I am not pessimistic about the changeover, as are some hon. Members, and, even if they are right in their pessimism, I hope that the Bill will be for the good of Post Office users in general.

11.38 p.m.

Mr. Stonehouse

I seek the permission of the House to intervene briefly in the debate for a second time. One or two new points have been raised on which I should like to comment.

The hon. Member for Norfolk, Central (Mr. Ian Gilmour) asked about the N.B.P.I. report. Since the debates in Committee the report of the N.B.P.I. on salaries for the chairmen and directors of authorities has been received, and I believe that the House is aware of this. I am not yet in a position to make a statement about the appointments to the Post Office Board and the rates that will be paid, but I hope to do so within the next few weeks.

The hon. Member for Ross and Cromarty (Mr. Alasdair Mackenzie) asked about the pension scheme for the employees of the new authority. This is a matter of detailed negotiation with the staff associations. The Corporation scheme originally envisaged a retirement age of 65 for new staff recruited, although existing staff would have the option of retiring at 60. I have since made a concession in allowing new staff as well as existing staff to take an option, if they so desire, of retiring at 60 on Civil Service terms. I do not wish to debate this at length because these are questions which are currently under examination by the staff associations and on which I am in negotiation with them.

The hon. Member also raised the matter of the Post Office Users' Council for Scotland and suggested that there should be a Gaelic-speaking member.

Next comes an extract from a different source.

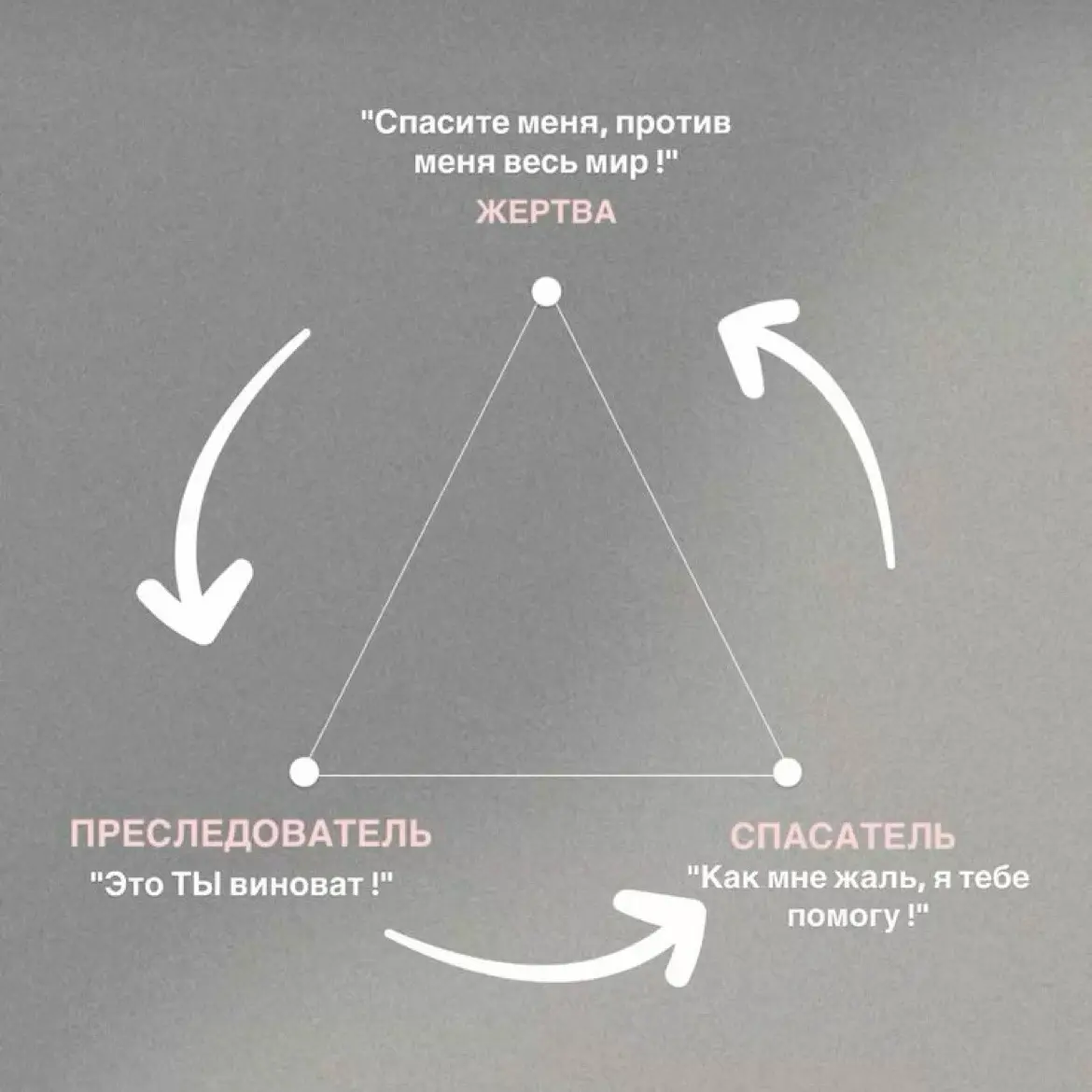 Офисная драма: треугольник Карпмана на работе | Сетка — социальная сеть от hh.ru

I will, of course, seriously consider this request.

Before we close our proceedings, I should like to pay warm tribute to all the hon. Members who played a part in the Standing Committee proceedings upstairs. There were valuable contributions from both sides of the Committee, and I greatly respect the expertise as well as the sincerity which were brought to those proceedings. We have also had a number of speakers in the general debate on Report stage who have brought to our proceedings a great deal of experience and sincerity, and I should like to express appreciation to them.

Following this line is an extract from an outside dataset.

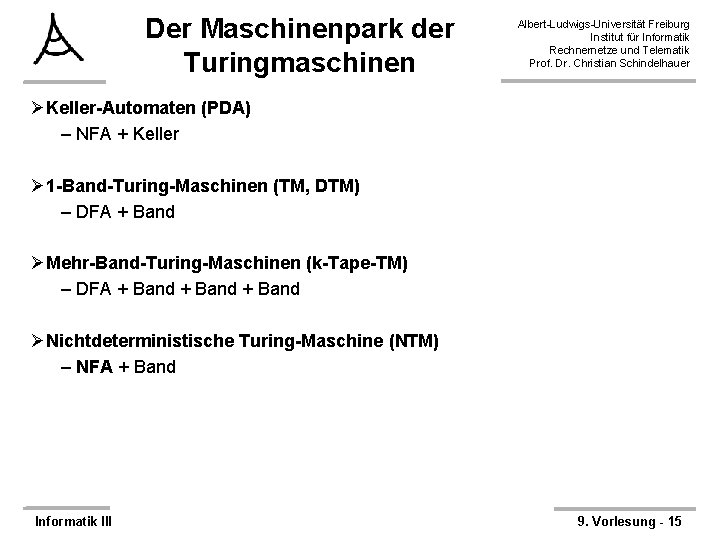 Der Maschinenpark der Turingmaschinen Albert-Ludwigs-Universität Freiburg Institut für Informatik Rechnernetze und Telematik Prof. Dr.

I particularly wish to thank the hon. Member for Norfolk, Central for his remarks, which I greatly appreciate. We regret the absence of the hon. Member for Howden (Mr. Bryan), who is abroad, but we appreciate the able way in which he spoke on behalf of the Opposition during the various stages of the Bill.

My hon. Friends the Members for Bristol, North East (Mr. Dobson) and Brighton, Kemptown (Mr. Hobden) regret that they could not be with us tonight at this stage of the proceedings as they are attending their union's conference in Bournemouth.

The hon. and gallant Gentleman for Down, South (Captain Orr) referred to the officials, and I should like to thank him warmly for what he said. It was sincerely meant, and I am sure that it will be received with pleasure by the officials in the G.P.O. I would add my thanks to the officials in the reorganisation department of the Post Office who have played a wonderful part in preparing and helping to guide the Bill through all its stages.

Finally, I wish to pay tribute to my hon. Friend the Assistant Postmaster-General who has been with this Bill since October, 1964, when he was first appointed to the position which he now holds. He has worked with three of my predecessors, all of whom have played a very valuable part in preparing the Bill. I pay special tribute to the Assistant Postmaster-General for the sterling job he has done throughout these past five years and thank him for his most loyal support. I commend the Bill to the House.

Question put and agreed to.

Bill accordingly read the Third time and passed.